Por su parte, Marx nunca tuvo intensión de proletarizarse. Paso sus años escurriéndose entre la filosofía hegeliana y el cuadro económico europeo. Aún siendo joven, heredó unos 6,000 francos de su padre, una buena suma para la época. Y no es que esté mal, sino que se trataba del perenne defensor de una clase a la que nunca perteneció.
Poco después, cuando al parecer llegaba la hora de buscarse la vida, fue apuntalado por su gran amigo Engels, cuyos padres industriales y proletarios vivían de “exprimir plusvalía” a sus empleados. Excedente que acude también al amparo de Marx y su familia. Paradójicamente, este último devolvía el favor escribiendo cómo “revertir” dicho mecanismo.

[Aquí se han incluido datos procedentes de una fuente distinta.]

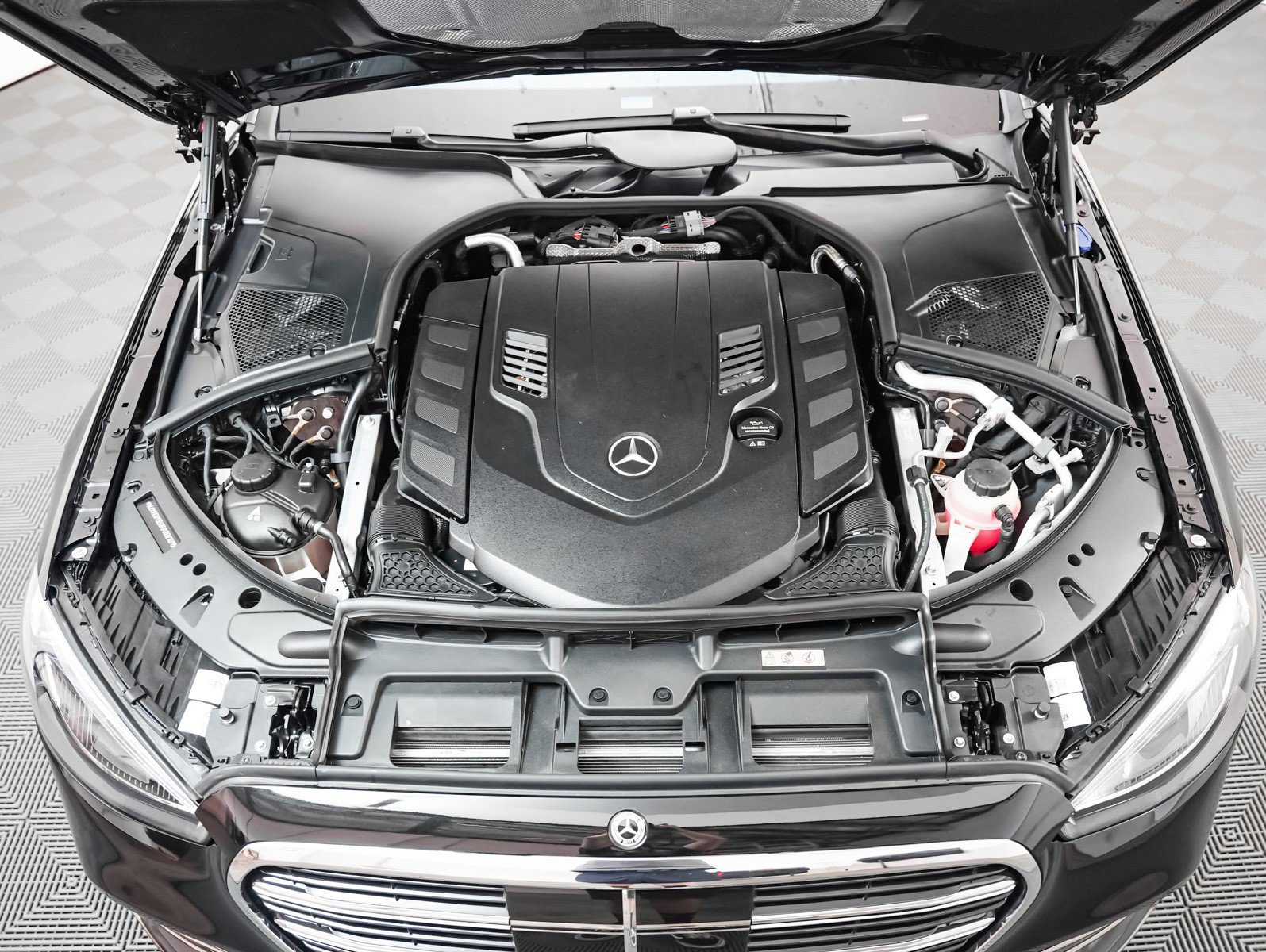 Certified 2024 Mercedes-Benz S 580 4MATIC Sedan image 4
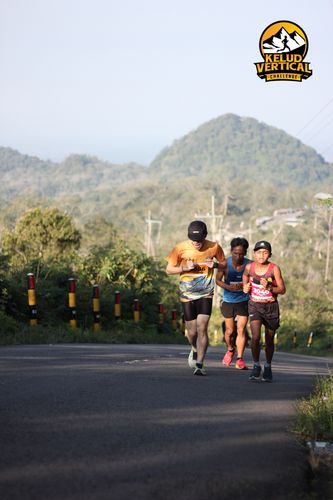Race photo from Kelud Vertical Challenge 2024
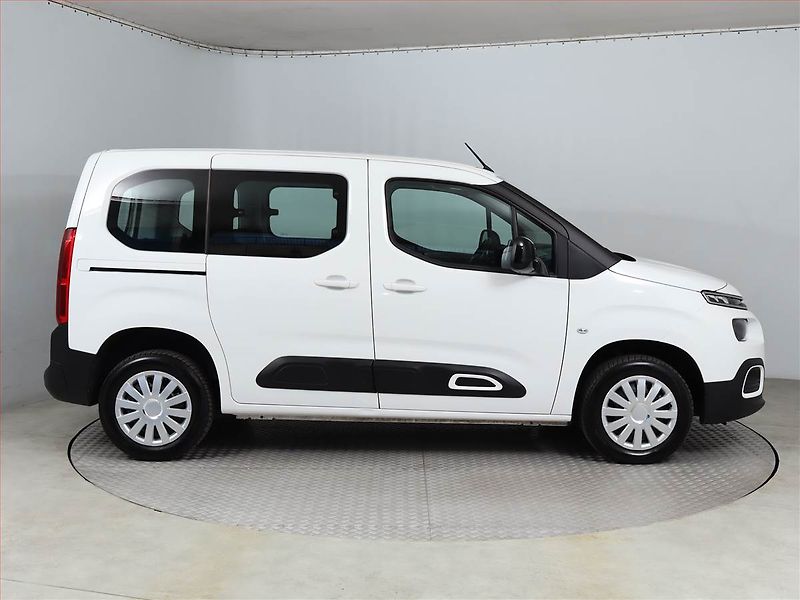 Citroën Berlingo (2022) Feel 1.5 BlueHDi, 5Míst, ČR - fotka 6 z 15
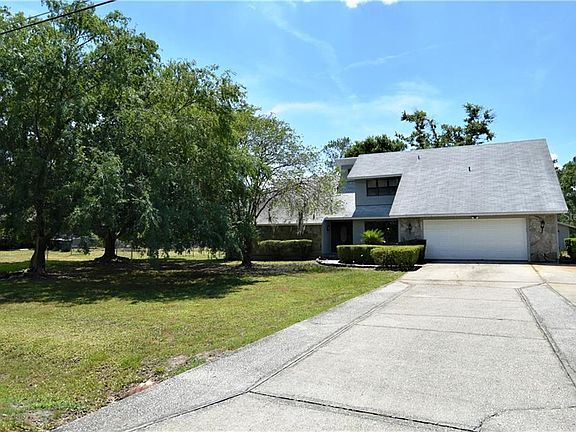3rd image of 8536 Pinecone Dr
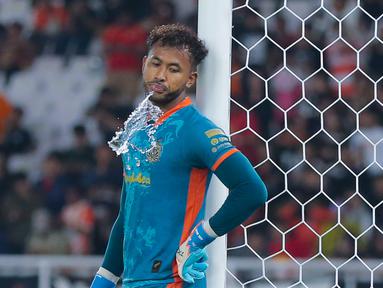 Kiper Bhayangkara FC, Aqil Savik, tampak lesu setelah ditaklukkan Persija Jakarta pada laga BRI Super League di Stadion Gelora Bung Karno, Jakarta, Senin (29/12/2025). (Bola.com/M Iqbal Ichsan)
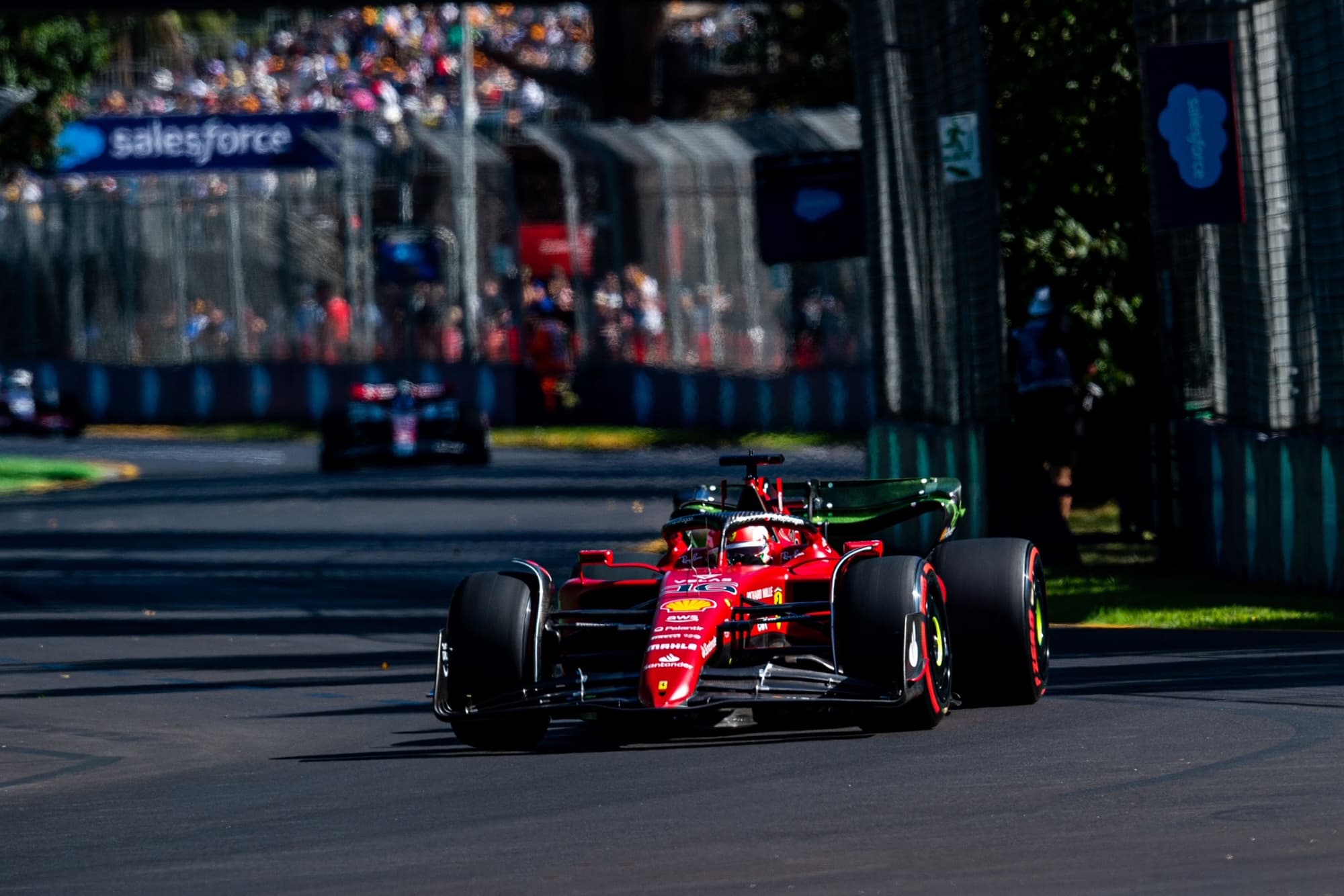 Leclerc najszybszy, kraksy Latifiego i Alonso w kwalifikacjach!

Él, a no dudar, estaba seguro de su método, pero el razonamiento que nos vendió como suyo tenía amplia referencia en David Ricardo y Adam Smith. De quienes solo hereda opiniones, no conclusiones definitivas. Smith mencionaba que en una economía desarrollada los valores y los precios gravitan en torno a unos costos que, además del trabajo, están compuestos por el promedio de utilidad del capital. Ricardo, por su parte, en su celebrado On value, proponía que la cantidad de capital invertido y la duración de la inversión también ejercen una influencia determinante en el precio de las mercancías.
Marx, en su primer trabajo serio sobre economía –Una contribución a la crítica sobre la política económica–, publicado en 1859, lejos de proponer, procede a aceptar la tesis del valor-trabajo abogada por Ricardo décadas atrás (1817). No obstante, y luego de largos años “moviendo palancas” y dando “pico y pala” por las bibliotecas de Londres, formula –mérito reconocible– su propia teoría del dinero y la circulación del mismo. Análisis que sí fue acogido con entusiasmo y resultó punto de partida para su obra cumbre, El Capital (1867).
La piedra angular de su sistema económico reclama que solo el trabajo que realiza el obrero es capaz de crear un valor nuevo, del cual el capitalista se apodera injustamente. A partir de ahí, Marx convenció a los proletarios de los “países uníos” que todo el valor que se produce en una sociedad es generado únicamente por ellos. Por tanto a esa gran masa le asiste el derecho de ocupar, así sea por la fuerza, los medios con que se producen esas riquezas.
Luego de P.H Wicksteed, Das Kapital: A Criticism (1884), la crítica más seria de cara al razonamiento económico marxista la realiza Eugen Böhm Von Bawerk en 1896. Luego de desmenuzar los elementos de su base teórica concluye: El gran problema en Marx es que “nos trajo, pospuesta por largo tiempo, una mala cosecha, la cual creció por necesidad a partir de una mala semilla”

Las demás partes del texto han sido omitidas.